Set down exactly the lines below between the line holding "Maroon color option" and the line holding "SYNLawn Chesapeake Bay", inclusive; no other line belongs in the answer.

- [DATASET RECORDS]:
· · · · · · ·

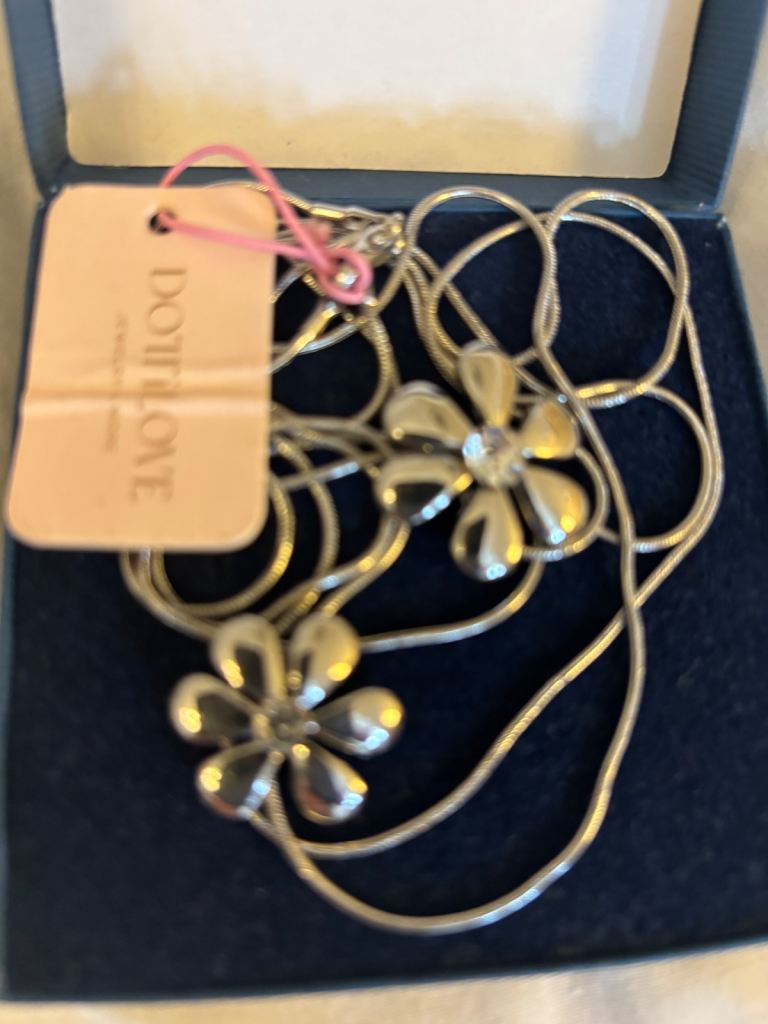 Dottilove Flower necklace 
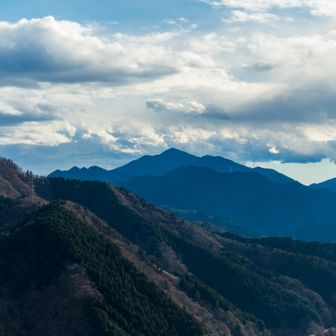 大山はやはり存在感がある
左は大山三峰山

· · · · · · ·

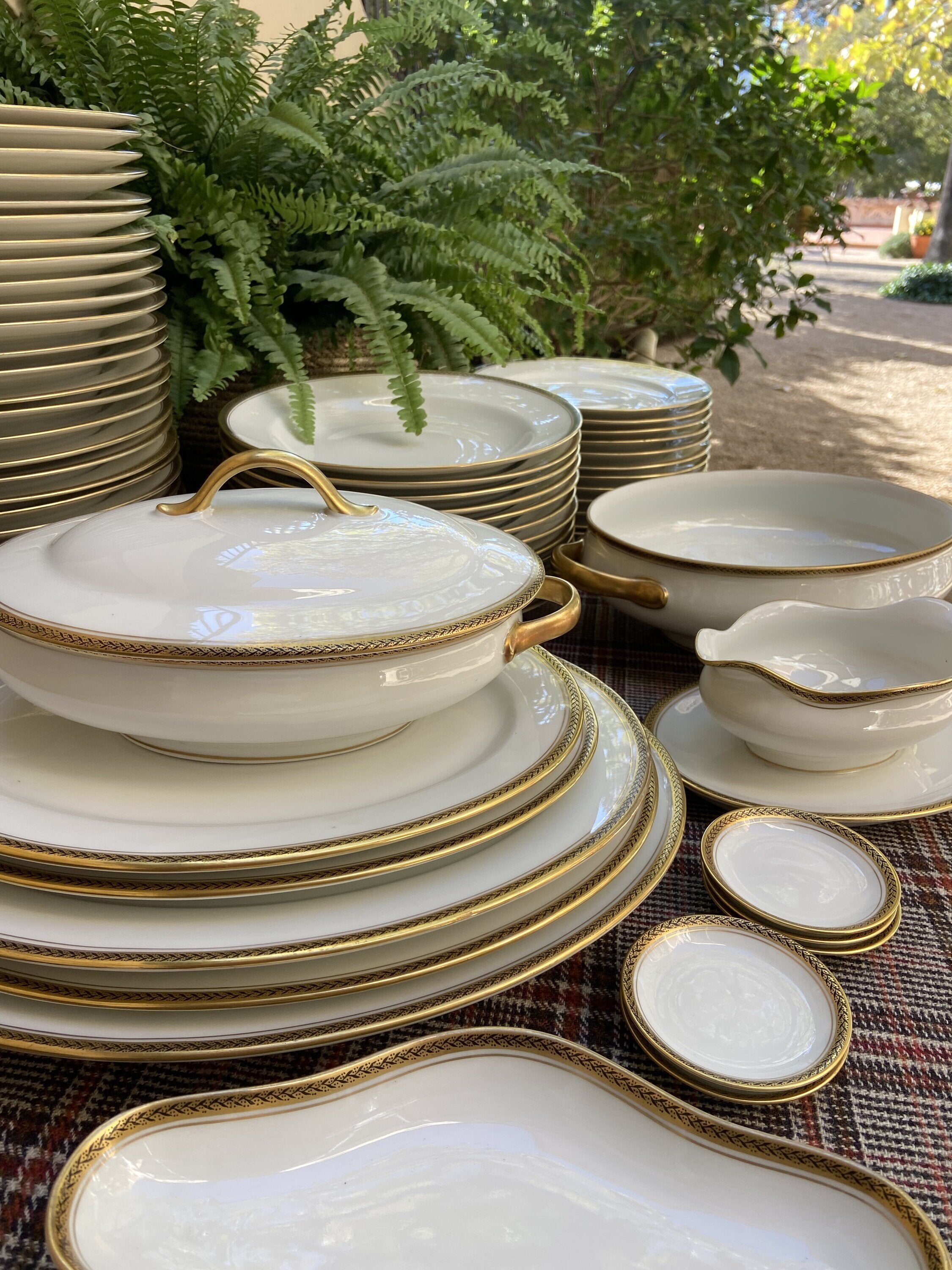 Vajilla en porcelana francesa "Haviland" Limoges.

· · · · · · ·

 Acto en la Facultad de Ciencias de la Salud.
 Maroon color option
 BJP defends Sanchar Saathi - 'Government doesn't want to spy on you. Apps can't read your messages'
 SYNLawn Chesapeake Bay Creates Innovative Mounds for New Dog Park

· · · · · · ·

- [ANSWER BELOW]:
 Maroon color option
 BJP defends Sanchar Saathi - 'Government doesn't want to spy on you. Apps can't read your messages'
 SYNLawn Chesapeake Bay Creates Innovative Mounds for New Dog Park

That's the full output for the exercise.